The use of quantitative T1-mapping to identify cells and collagen fibers in rectal cancer

Jie Yuan; Qun Wen; Hui Wang; Jiaoyan Wang; Kun Liu; Songhua Zhan; Mengxiao Liu; Zhigang Gong; WenLi Tan

doi:10.3389/fonc.2023.1189334

The use of quantitative T1-mapping to identify cells and collagen fibers in rectal cancer

Front Oncol. 2023 Jul 20:13:1189334. doi: 10.3389/fonc.2023.1189334. eCollection 2023.

Authors

Jie Yuan¹, Qun Wen¹, Hui Wang¹, Jiaoyan Wang¹, Kun Liu², Songhua Zhan¹, Mengxiao Liu³, Zhigang Gong¹, WenLi Tan¹

Affiliations

¹ Department of Radiology, Shuguang Hospital Affiliated to Shanghai University of Traditional Chinese Medicine, Shanghai, China.
² Department of Pathology, Shuguang Hospital Affiliated to Shanghai University of Traditional Chinese Medicine, Shanghai, China.
³ MR Scientific Marketing, Diagnostic Imaging, Siemens Healthineers Ltd, Shanghai, China.

Abstract

Aim: This study aimed to explore the value of T1 mapping in assessing the grade and stage of rectal adenocarcinoma and its correlation with tumor tissue composition.

Methods: Informed consent was obtained from all rectal cancer patients after approval by the institutional review board.

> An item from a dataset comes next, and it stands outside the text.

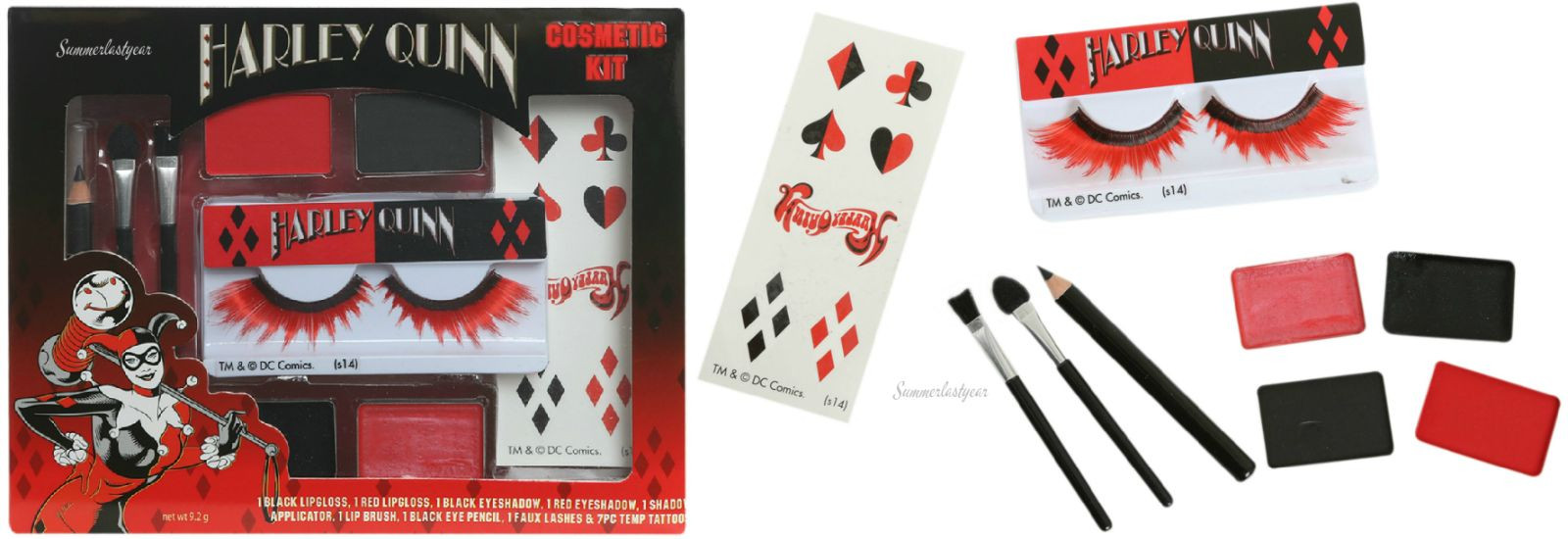 HARLEY QUINN COSPLAY COSTUME COSMETICS KIT / MAKEUP SET ~DC COMICS~ FREE SHIP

Twenty-four patients (14 women and 10 men; mean age, 64.46 years; range, 35 - 82 years) were enrolled in this prospective study. MRI examinations were performed using 3.0T MR scanner before surgery. HE, immunohistochemical, and masson trichrome-staining was performed on the surgically resected tumors to assess the degree of differentiation, stage, and invasion. Two radiologists independently analyzed native T1 and postcontrast T1 for each lesion, and calculated the extracellular volume (ECV) was calculated from T1 values. Intraclass correlation coefficient (ICC) and Bland-Altman plots were applied to analyze the interobserver agreement of native T1 values and postcontrast T1 values. Student's t-test and one-way analysis of variance (ANOVA) were used to test the differences between T1 mapping parameters and differentiation types, T and N stages, and venous and neural invasion. Pearson correlation coefficients were used to analyze the correlation of T1 mapping extraction parameters with caudal type homeobox 2 (CDX-2), Ki-67 index, and collagen expression.

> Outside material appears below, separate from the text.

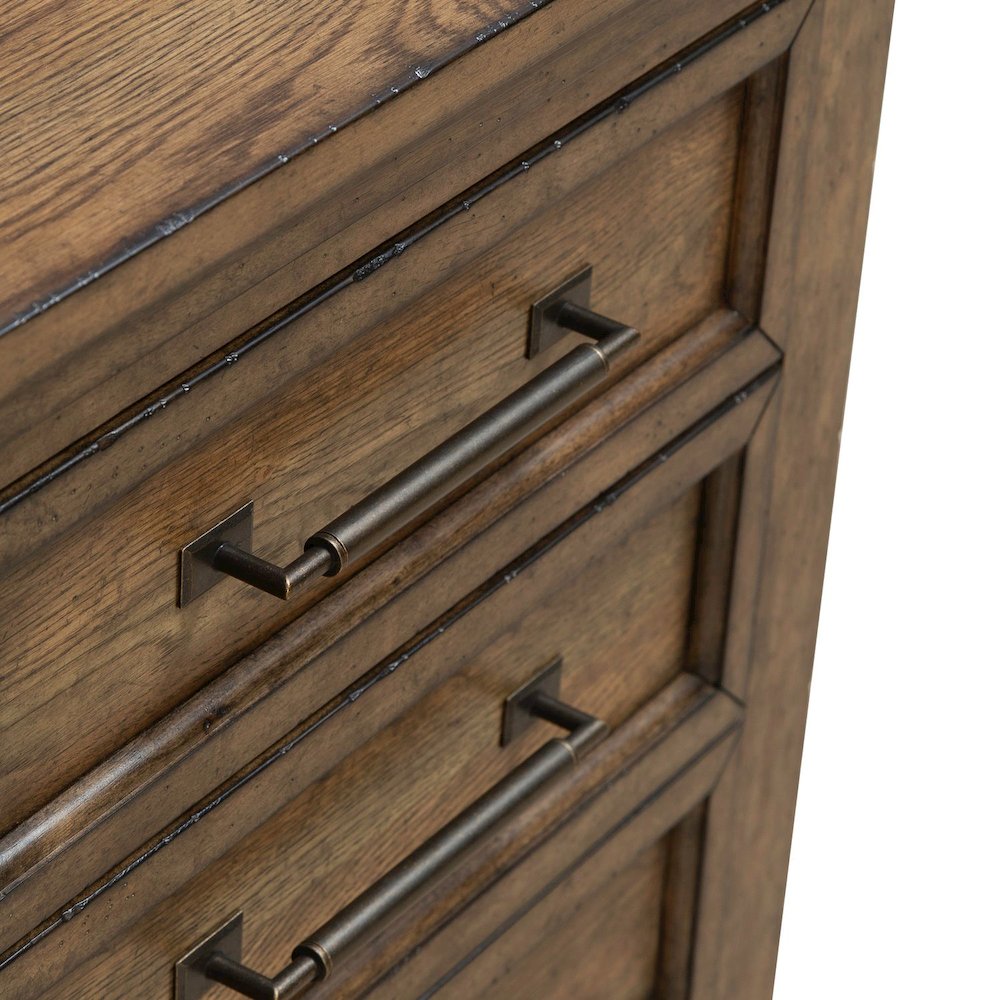 Bedroom Nightstand with AC USB Charging Station Station  - Amber Brown Wood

Results: Both the native and postcontrast T1 values had an excellent interobserver agreement (ICC 0.945 and 0.942, respectively). Postcontrast T1 values indicated significant differences in venous invasion (t=2.497, p=0.021) and neural invasion (t=2.254, p=0.034). Pearson's correlation analysis showed a significant positive correlation between native T1 values and Ki-67 (r=-0.407, p=0.049). There was a significant positive correlation between ECV and collagen expression (r=0.811, p=.000) and a significant negative correlation between ECV and CDX-2 (r=-0.465, p=0.022) and Ki-67 (r=-0.549, p=0.005).

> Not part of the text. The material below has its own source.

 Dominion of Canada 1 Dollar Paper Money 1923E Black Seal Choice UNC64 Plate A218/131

Conclusion: Postcontrast T1 value can be used to assess venous and neural invasion in rectal cancer. ECV measurements based on T1 mapping can be used to identify cells and collagen fibers in rectal cancer.

Keywords: T1 mapping; extracellular volume; magnetic resonance imaging; rectal cancer; tumor tissue composition.